Harianmomentum--Krisis Rohingya adalah tragedi
kemanusiaan yang secara etis dan politik menuntut dunia internasional untuk
melakukan intervensi kemanusiaan. Negara-negara ASEAN tidak bisa berlindung
dibalik prinsip menghormati kedaulatan Mynamar atas tragedi ini.
Menurut
Ketua SETARA Institute, Hendardi, pembiaran dunia internasional atas Rohingya
diduga kuat memiliki motivasi politik ekonomi kawasan, sehingga Aun San Su Kyi
terus memperoleh proteksi politik, karena belum ada rezim pengganti yang
potensial dan akomodatif menjaga kepentingan sejumlah negara-negara yang
memiliki kepentingan kuat.
Meski
demikian, krisis Rohingya lebih merupakan krisis yang lebih besar didorong oleh
dinamika politik dalam negeri Myanmar. Dengan demikian, potensi gangguan
keamanan terhadap kawasan tidak akan menyebar sebagaimana penyebaran kelompok
ideologis ISIS. Gangguan keamanan dalam negeri dan kawasan lebih berupa
meningkatnya asylum seeker/pencari suaka ke Indonesia dan sejumlah kawasan
lain.
“Para
pencari suaka adalah problem human security dan kewajiban negara-negara untuk
mencari resolusi terbaik bagi Rohingya,” ujar Hendardi dalam keterangan
tertulis yang dikirim ke redaksi Harianmomentum, Sabtu (2/9).
Hendardi
melanjutkan, selain secara etis pemerintah Indonesia harus bersikap, secara
politik, pemerintah juga harus mengantisipasi kelompok-kelompok masyarakat yang
mengkapitalisasi isu ini untuk kepentingan politik dalam negeri.
Populisme
agama akan mendapat tempat kokoh di tengah krisis kemanusiaan semacam ini,
apalagi aktor yang terlibat dalam krisis, berbeda secara diameteral dalam soal
agama dan etnis.
“Diskriminasi
ganda dan dugaan genosida atas dasar agama dan etnis yang dialami oleh Rohingya
sangat mungkin menghimpun solidaritas dan dukungan publik. Jika pemerintah
tidak mengambil langkah politik, potensi ketegangan sosial di dalam negeri juga
cukup tinggi,” ujar Hendardi.
Indikasi keterlibatan tentara Myanmar merupakan bukti bahwa kekerasan tersebut dipelopori oleh negara.
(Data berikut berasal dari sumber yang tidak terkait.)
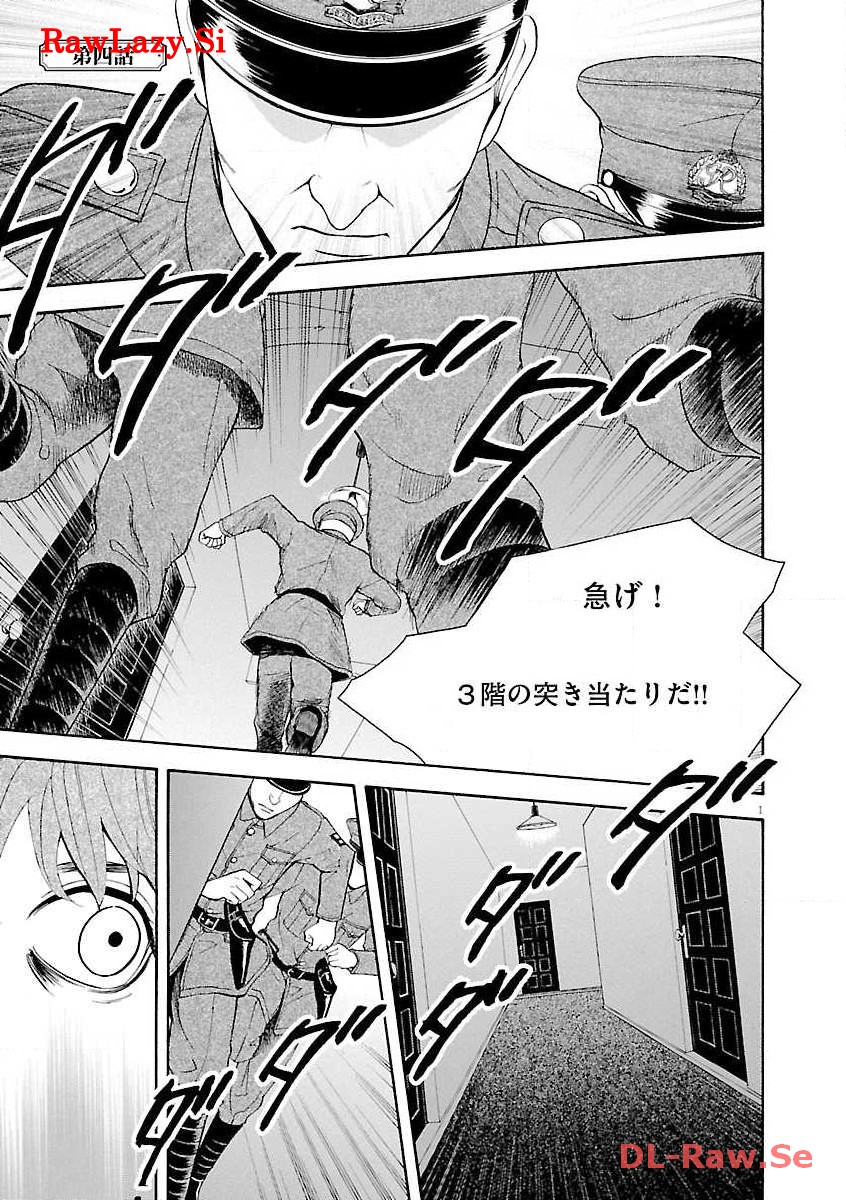 P36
Selain intervensi kemanusiaan, advokasi Myanmar juga sangat memungkinkan untuk dipersoalkan dalam kerangka kejahatan universal, karena genosida merupakan salah satu kejahatan internasional yang termasuk kompetensi absolut International Criminal Court (ICC) dengan yurisdiksi internasional.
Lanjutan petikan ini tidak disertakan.